**Exercise material:**
────────

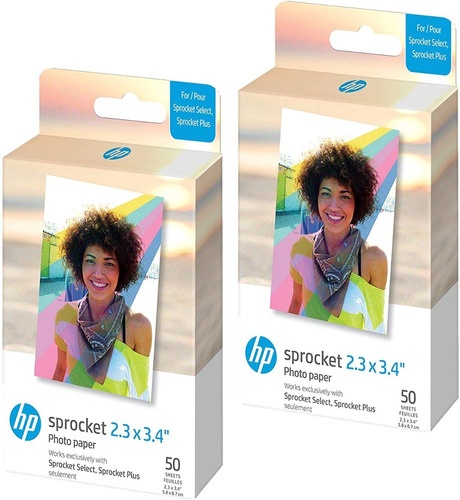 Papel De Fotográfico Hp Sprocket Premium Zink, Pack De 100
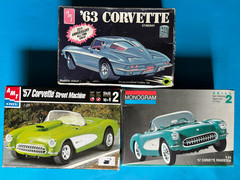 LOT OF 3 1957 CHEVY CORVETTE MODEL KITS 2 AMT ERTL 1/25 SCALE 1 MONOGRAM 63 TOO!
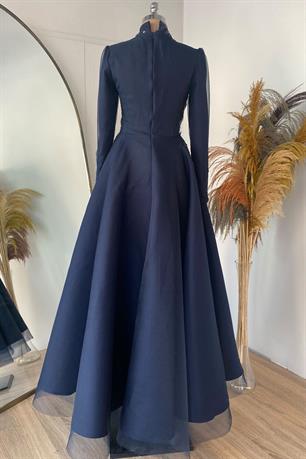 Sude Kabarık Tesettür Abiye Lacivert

────────

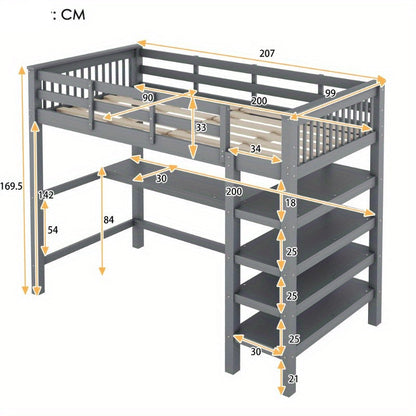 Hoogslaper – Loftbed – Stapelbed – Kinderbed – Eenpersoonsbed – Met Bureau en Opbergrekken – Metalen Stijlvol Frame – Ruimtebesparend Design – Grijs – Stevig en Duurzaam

────────

Reproduce the listing above only between the lines holding "Papel De Fotográfico" and "Sude Kabarık Tesettür Abiye Lacivert", inclusive. Every line must match exactly, and pictures are dropped.

 Papel De Fotográfico Hp Sprocket Premium Zink, Pack De 100
 LOT OF 3 1957 CHEVY CORVETTE MODEL KITS 2 AMT ERTL 1/25 SCALE 1 MONOGRAM 63 TOO!
 Sude Kabarık Tesettür Abiye Lacivert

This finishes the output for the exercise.